SOURCE RECORDS Block Start
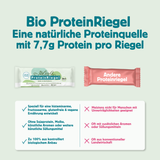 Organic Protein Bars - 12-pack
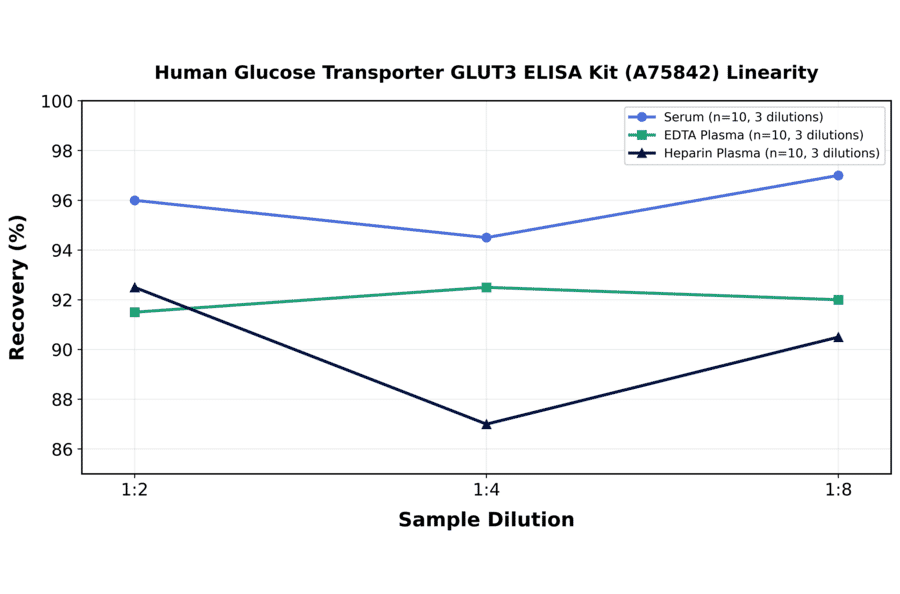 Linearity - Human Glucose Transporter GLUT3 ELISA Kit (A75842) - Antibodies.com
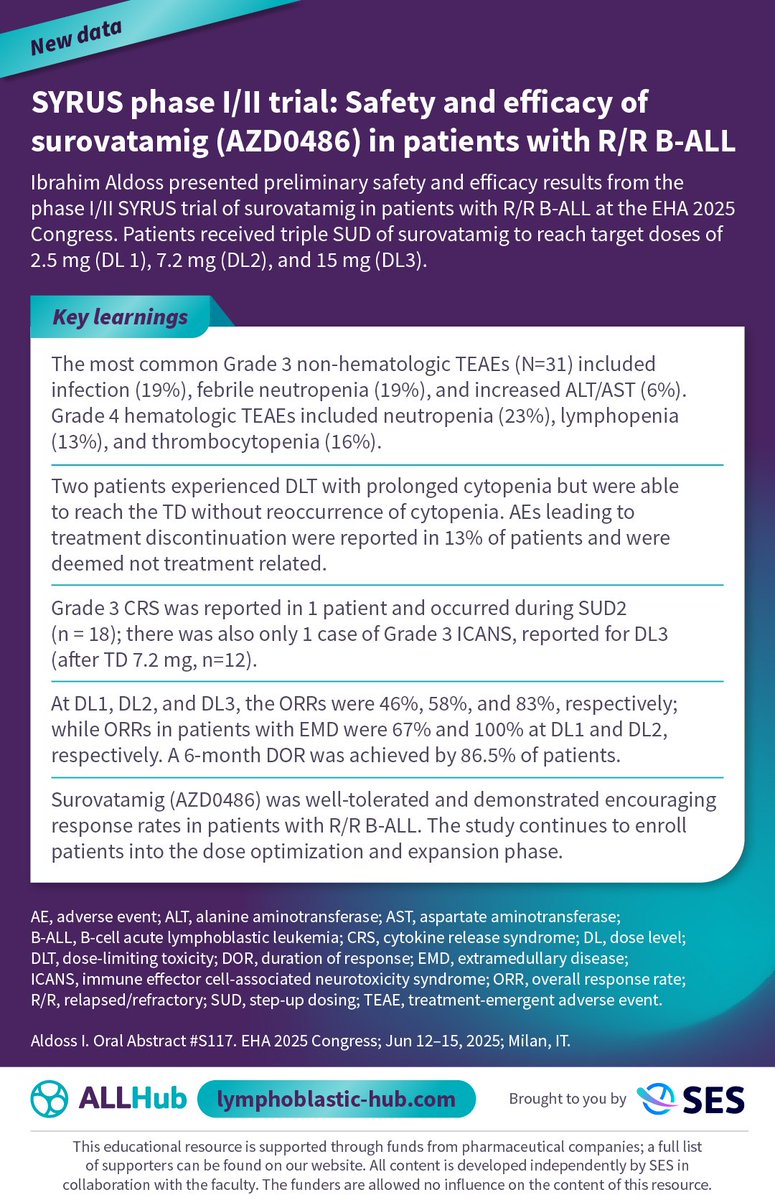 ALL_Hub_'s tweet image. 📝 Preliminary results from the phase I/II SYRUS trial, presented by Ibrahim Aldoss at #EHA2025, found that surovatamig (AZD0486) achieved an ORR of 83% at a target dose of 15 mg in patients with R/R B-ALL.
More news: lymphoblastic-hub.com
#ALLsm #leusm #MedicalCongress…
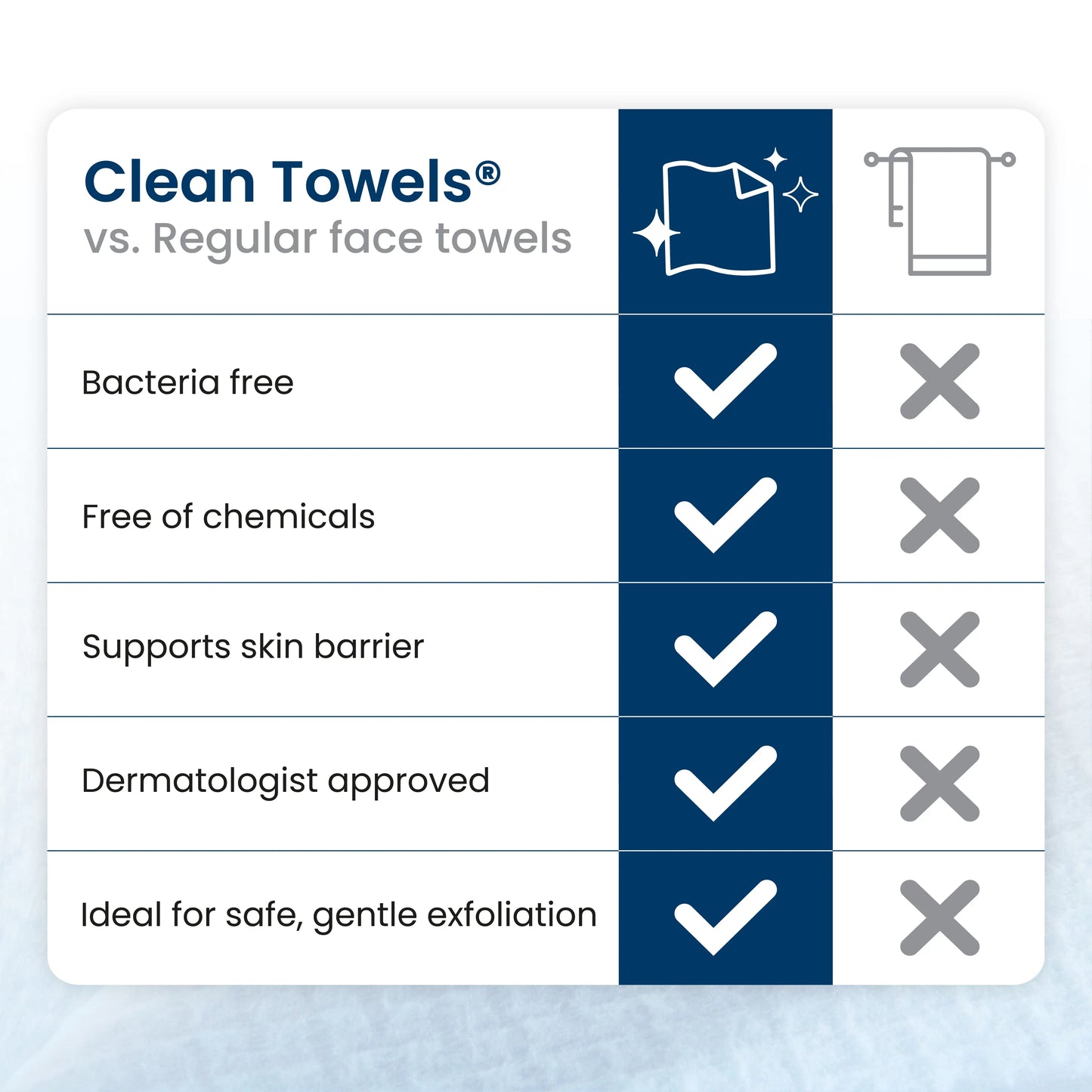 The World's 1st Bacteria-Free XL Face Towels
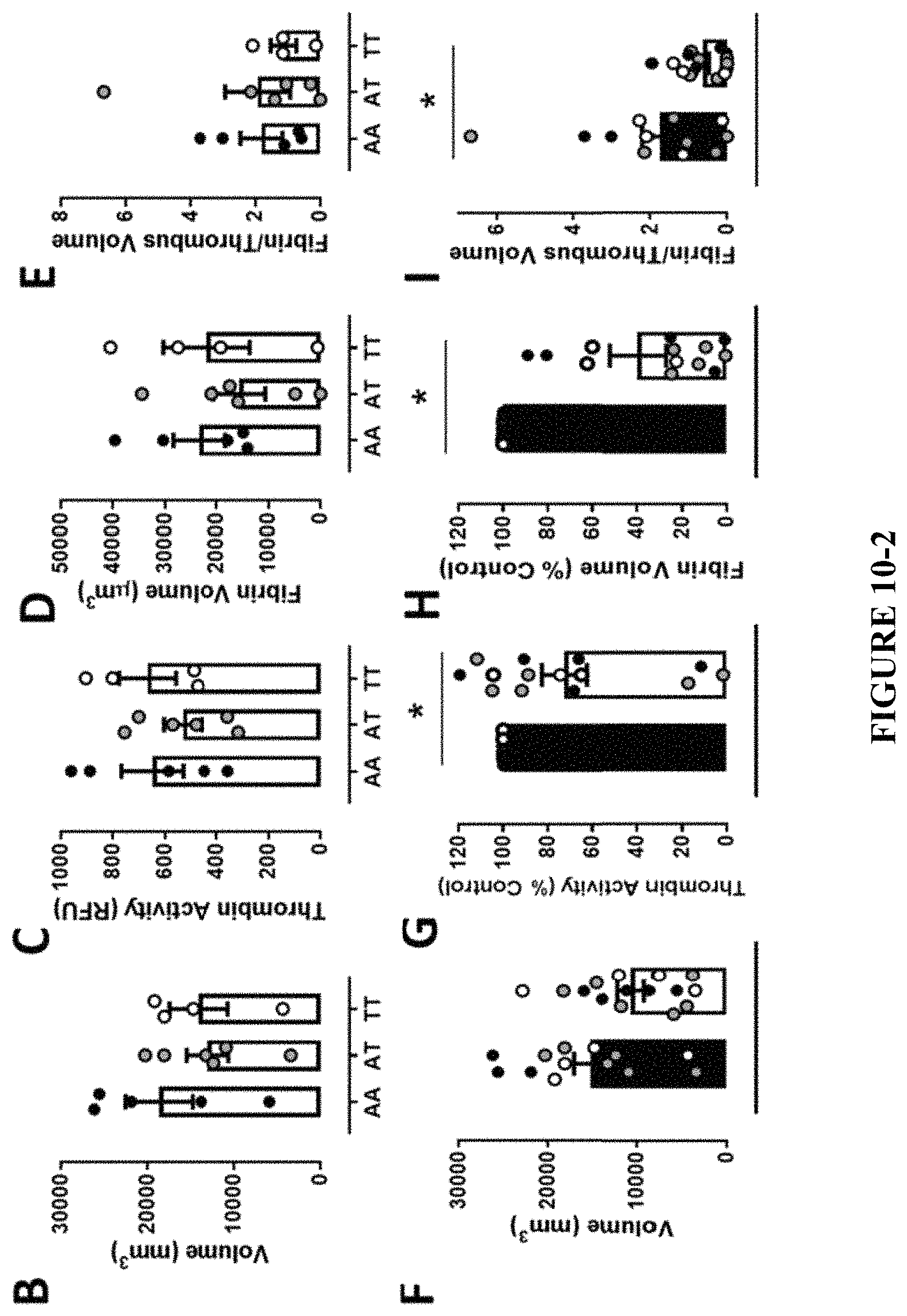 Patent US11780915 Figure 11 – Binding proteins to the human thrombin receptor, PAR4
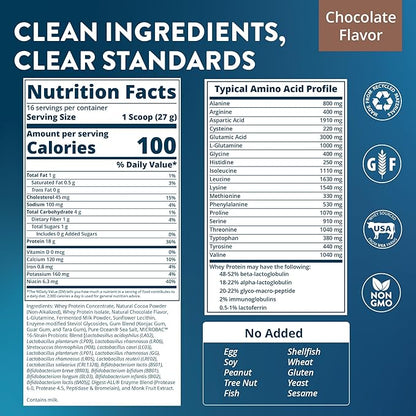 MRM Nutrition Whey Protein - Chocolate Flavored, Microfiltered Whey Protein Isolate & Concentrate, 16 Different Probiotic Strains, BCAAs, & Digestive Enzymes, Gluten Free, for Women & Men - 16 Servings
SOURCE RECORDS Block End
**WHAT THIS TASK INVOLVES**
Take the line that contains "More news: lymphoblastic-hub.com" and every line after it to the end of the records above; quote them exactly, leaving out the pictures.

**REPLY**
More news: lymphoblastic-hub.com
#ALLsm #leusm #MedicalCongress…
 The World's 1st Bacteria-Free XL Face Towels
 Patent US11780915 Figure 11 – Binding proteins to the human thrombin receptor, PAR4
 MRM Nutrition Whey Protein - Chocolate Flavored, Microfiltered Whey Protein Isolate & Concentrate, 16 Different Probiotic Strains, BCAAs, & Digestive Enzymes, Gluten Free, for Women & Men - 16 Servings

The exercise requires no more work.